La tension reste vive entre Caracas et Washington après l’annonce par le président américain Donald Trump de prochaines livraisons de pétrole vénézuélien aux États-Unis, sur fond de bouleversements politiques majeurs au Venezuela consécutifs à l’enlèvement du président Nicolás Maduro.
Mardi, Donald Trump a déclaré que les autorités intérimaires vénézuéliennes s’apprêtaient à transférer entre 30 et 50 millions de barils de pétrole brut aux États-Unis, dans le cadre d’un accord présenté comme mutuellement bénéfique. Selon le président américain, ce pétrole, auparavant soumis à des sanctions, sera vendu au prix du marché international, tandis que les revenus générés seront placés sous la supervision de la présidence américaine afin d’en garantir l’usage « au profit des peuples vénézuélien et américain ».
Le chef de l’État américain a précisé avoir donné instruction au secrétaire à l’Énergie, Chris Wright, de mettre en œuvre ce plan sans délai. L’acheminement du brut se fera par navires-citernes, avec une livraison directe dans les ports américains.

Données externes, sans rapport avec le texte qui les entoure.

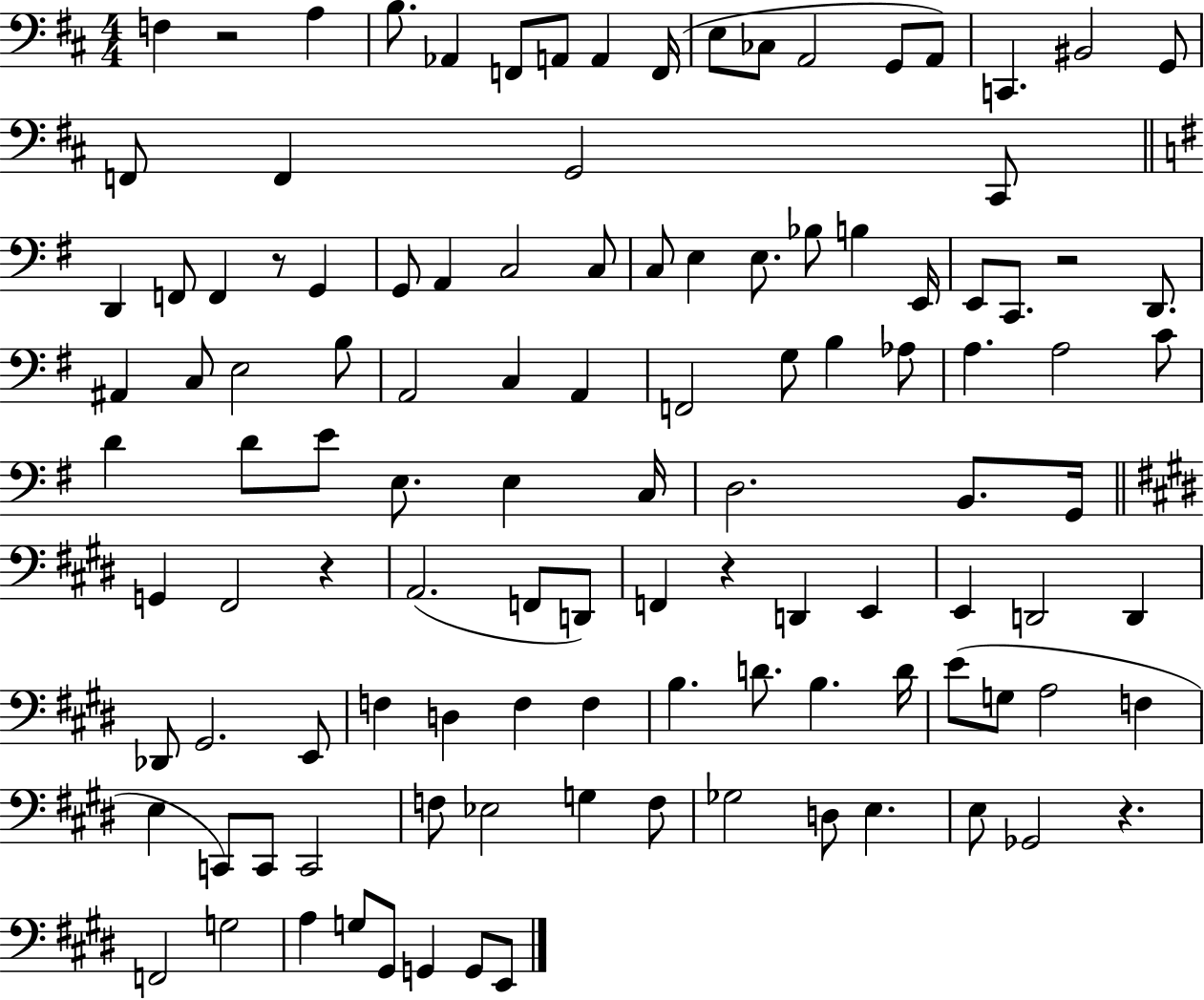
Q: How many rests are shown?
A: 6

Cette annonce intervient quelques jours après une opération militaire américaine menée à Caracas, le 3 janvier, ayant conduit à l’enlèvement du président Nicolás Maduro. Selon les autorités vénézuéliennes, cette intervention éclair a coûté la vie à 55 membres des forces vénézuéliennes et cubaines, accentuant les tensions diplomatiques et les interrogations sur le respect du droit international.

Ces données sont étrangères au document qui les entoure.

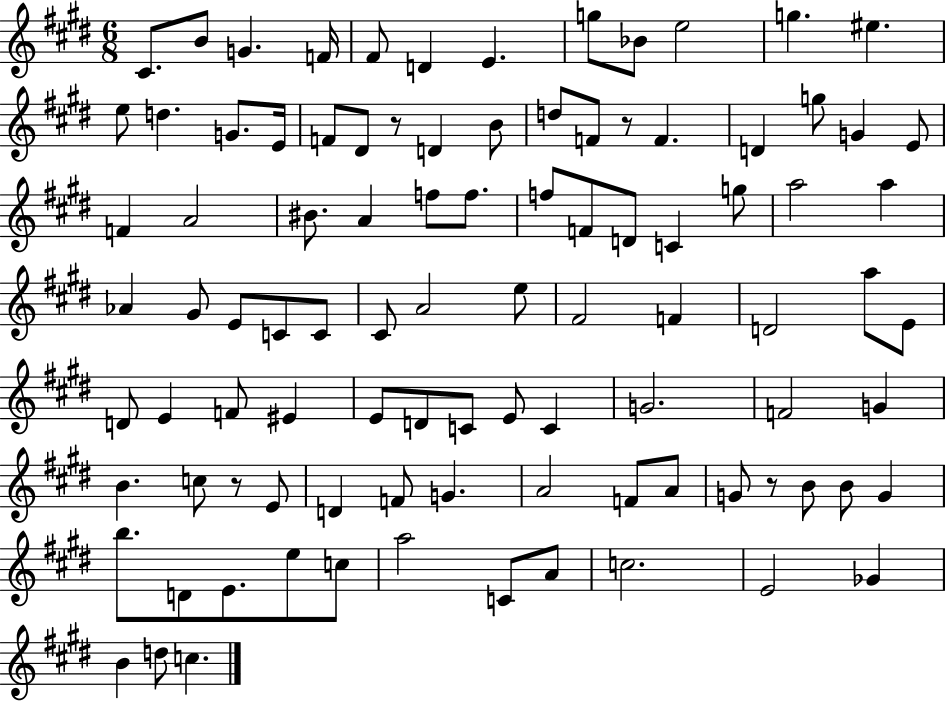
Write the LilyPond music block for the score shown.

Propulsée à la tête de l’État par intérim après avoir prêté serment devant le Parlement, Delcy Rodríguez a réagi fermement aux déclarations de Donald Trump. « Le Venezuela est gouverné par les Vénézuéliens et par personne d’autre », a-t-elle affirmé lors de son premier jour de mandat, rejetant toute idée de tutelle étrangère sur les affaires nationales.
Ces propos font écho aux déclarations répétées du président américain, qui a affirmé que Washington serait désormais « aux commandes » du pays sud-américain, tout en adressant des avertissements directs à la nouvelle dirigeante vénézuélienne.

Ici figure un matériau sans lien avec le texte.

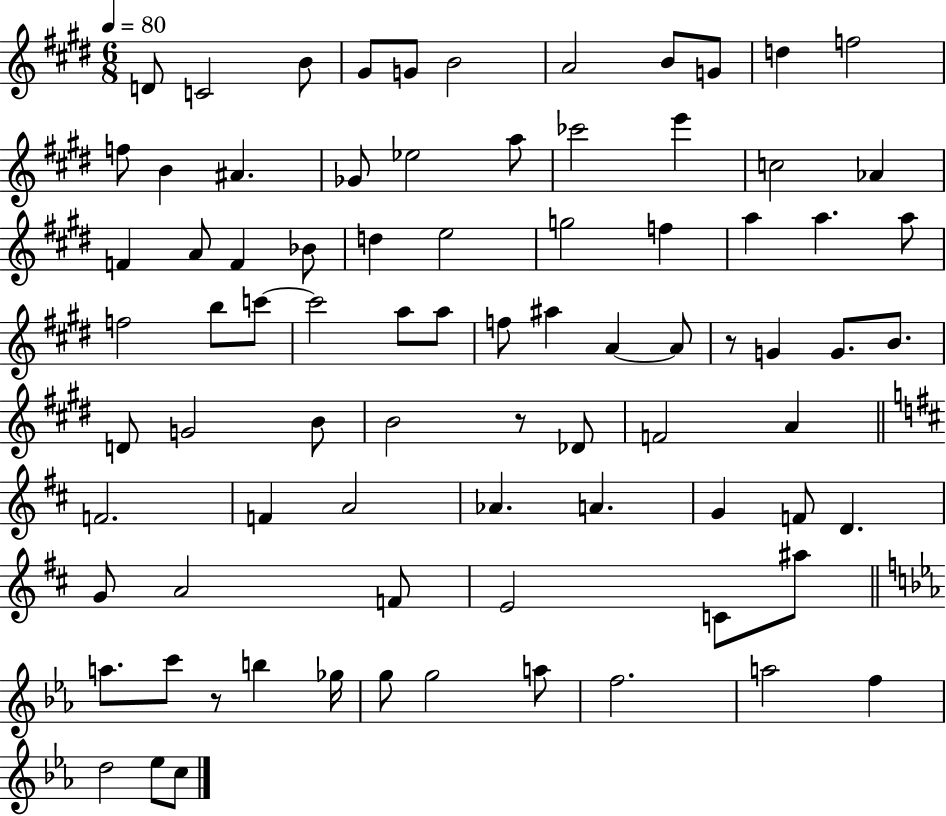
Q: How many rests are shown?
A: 3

Sur le plan intérieur, Delcy Rodríguez a rapidement donné le ton de son action en nommant Calixto Ortega Sanchez, ancien directeur de la Banque centrale et spécialiste du secteur pétrolier, au poste de vice-président chargé de l’économie. Le pétrole demeure la principale source de revenus du Venezuela, malgré un secteur énergétique affaibli par des années de crise et de sous-investissement.
La présidente par intérim a également décrété sept jours de deuil national en hommage aux victimes de l’opération américaine. Son gouvernement conserve des figures clés de la ligne dure, notamment le ministre de l’Intérieur Diosdado Cabello et le ministre de la Défense Vladimir Padrino López.
Cette nouvelle séquence marque un tournant majeur dans les relations entre les États-Unis et l’Amérique latine, soulevant de vives interrogations sur la souveraineté des États, le droit international et l’avenir géopolitique de la région.